VOSD’s very own surveillance expert Jesse Marx examines some of the smart tech projects we know about – because, yikes, there are likely many we don’t know about – and what lessons we can draw from them.
“The boosters of smart cities — who often have something to sell — view the problems of society as merely technical in nature,” Marx writes. “They offer new tools in the name of efficiency and convenience that seem impartial and nonideological on the surface. But there are value sets embedded in any form of technology, and officials ignore this reality at the risk of exacerbating rather than flattening inequities.”
Marx’s takeaways include that smart tech often becomes a tool for law enforcement, which can result in civil liberties concerns, and that the technology can prove to be quite costly to government agencies.
California lawmakers are just starting to push forward policy ideas that tackle the crumbling state of its coastal cliffs, but science can’t yet pinpoint which shorelines are most vulnerable to collapse.
Enter Adam Young, a geomorphologist at Scripps Institution of Oceanography, who has just compiled perhaps the most detailed dataset on an unsteady cliff faces to date, as our MacKenzie Elmer covers in a new story. It took three years of driving up and down a 1.5 mile span of cliff along the Del Mar shoreline, firing a laser at the rock face from an instrument strapped to his research truck.
But the end result is a suite of information showing how ocean waves and rain interact to eat away at a cliff face at both ends. People have lost their lives by seemingly random landslides, and now that this dataset exists scientists can begin to model and predict where and when a cliff might fall after a big storm, say.
“As we start to understand how the (waves and rain) are eroding the cliff, then we can build better models so we can understand how things will evolve in the future,” Young said.
Cliff erosion will only get worse as the sea level rises due to human-exacerbated climate change. And some lawmakers are putting wheels on policies that would allow Californians to put up their own defenses now.
California Sen. Pat Bates, a Republican representing portions of San Diego and Orange counties, plans to reintroduce a bill this session over homeowners’ rights to build their own seawalls without first getting permission from the California Coastal Commission. An Encinitas family who lost three members to a 2019 landslide supported the bill’s introduction this year, but opponents from groups like Surfrider say there are better ways to stem cliff erosion.

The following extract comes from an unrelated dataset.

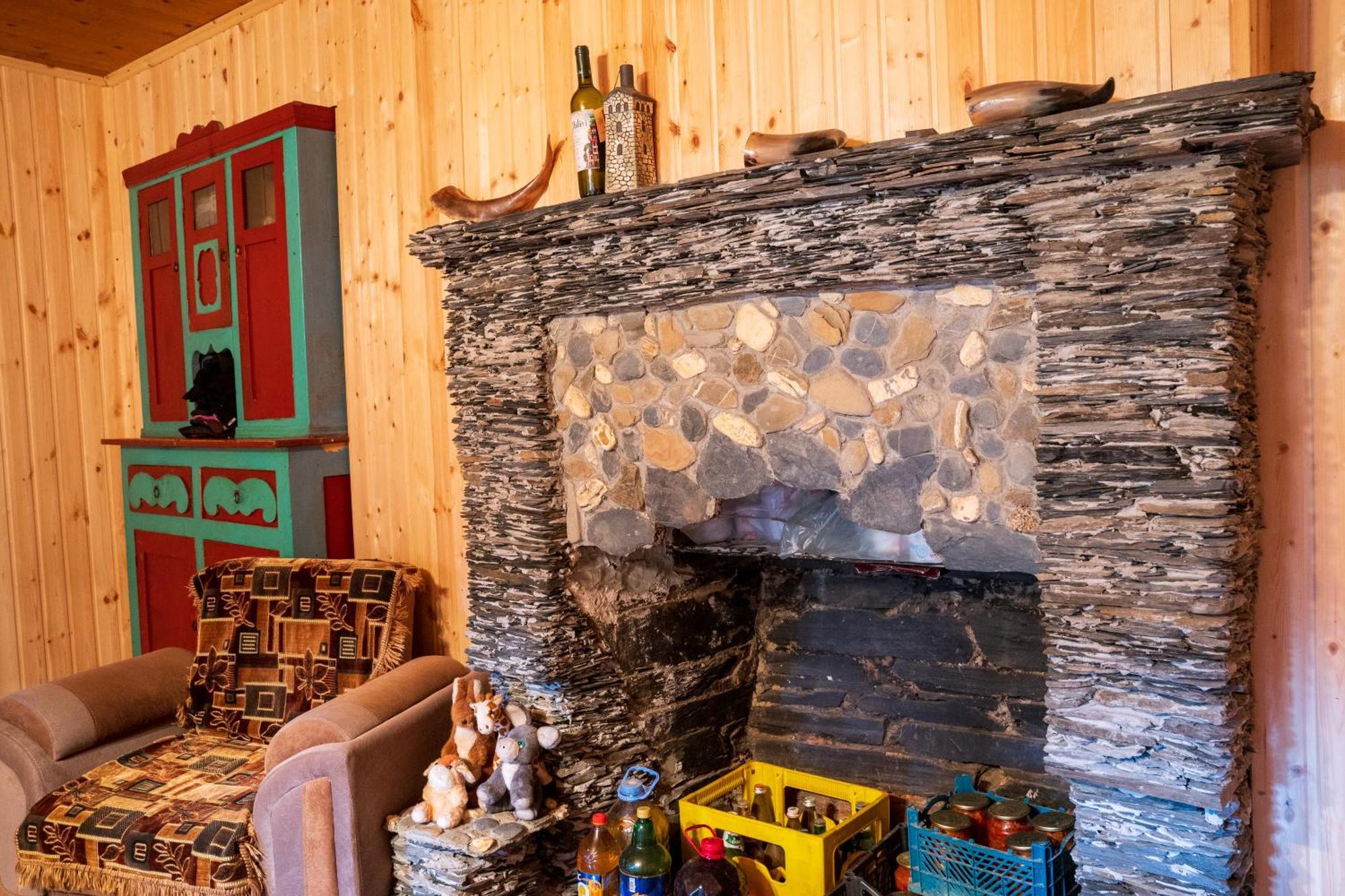 Guesthouse Svani Usguli Kültér fotó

Mayor Todd Gloria released Monday the city’s annual update on its goals to combat climate change, like building bike lanes and cutting planet-warming greenhouse gases emitted by the municipality, in an enthusiastic press release.
The report says San Diego in 2019 cut its emissions 25 percent from 2010 levels, slightly ahead of the pace of cuts envisioned in the city’s Climate Action Plan. But total energy use in the city actually increased 4.5 percent during that period.

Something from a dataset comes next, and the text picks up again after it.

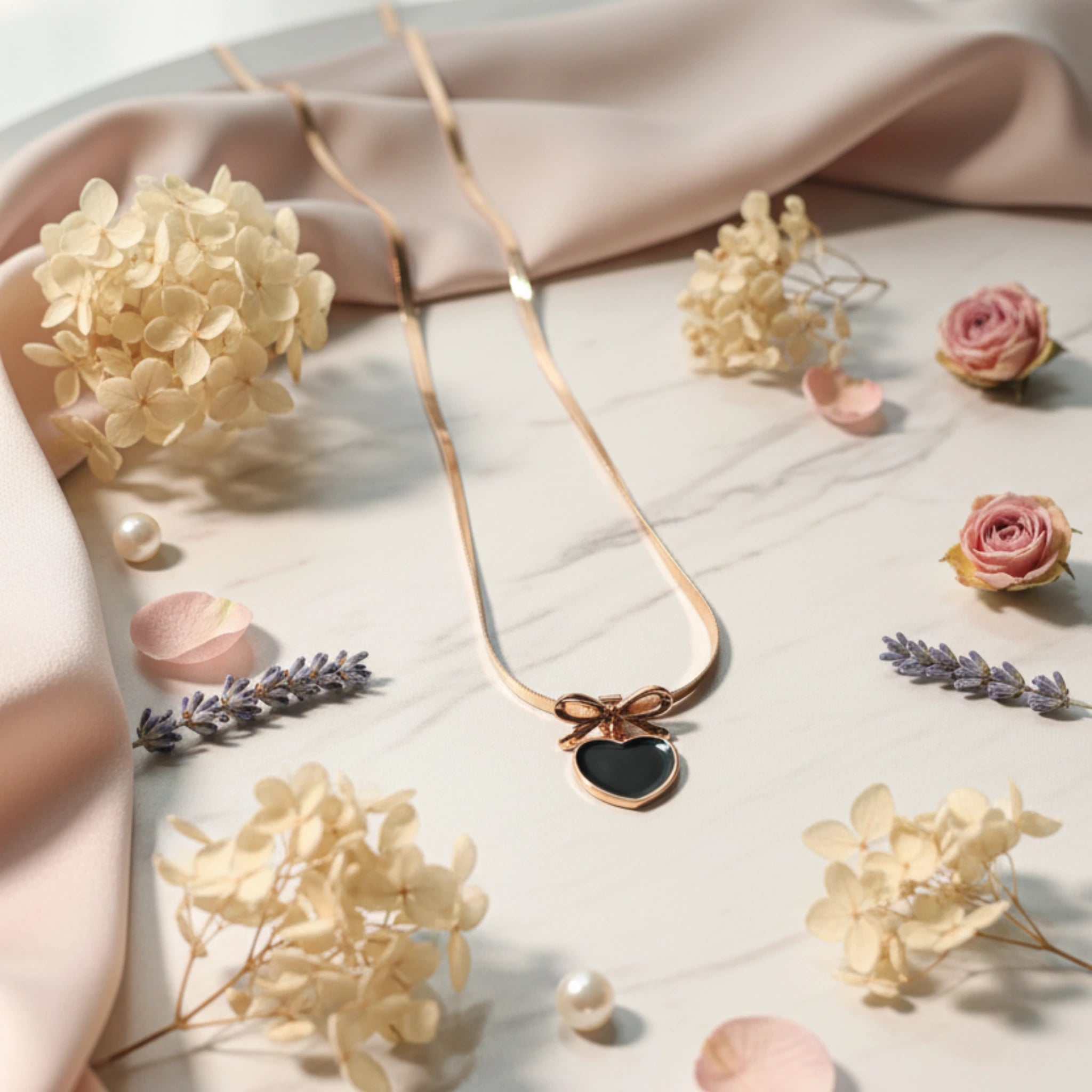 Parure "Cœur Nœud Noir ou Blanc" – Élégance & Confort Acier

Nicole Capretz, executive director of the Climate Action Campaign, pointed out the city actually only cut its emissions by 1 percent between 2018 and 2019. In 2018, the city announced it’d cut emissions by 24 percent mostly by fulfilling state mandates, as the Union-Tribune outlined at the time.
“I would characterize these results as the city basically hitting a plateau and still not getting reductions from regional or local actions,” Capretz wrote in an email.
On a number of specific fronts from its climate plan, it’s doubtful San Diego is going to meet the 2020 reduction targets next year. For instance, San Diegans are supposed to cut their home energy use by 15 percent by then, but we’re less than halfway there thus far. And though the city set a goal for 50 percent of its municipal fleet to be zero-emission vehicles, by the end of last year it was 2 percent of the way there. By 2020, 22 percent of people living near high-frequency transit are supposed to walk, bike or take transit to work, but as of this year just 13 percent does so.
The city is expected to write another five-year Climate Action Plan in 2021 which will include a new assessment of the city’s baseline greenhouse gas emissions.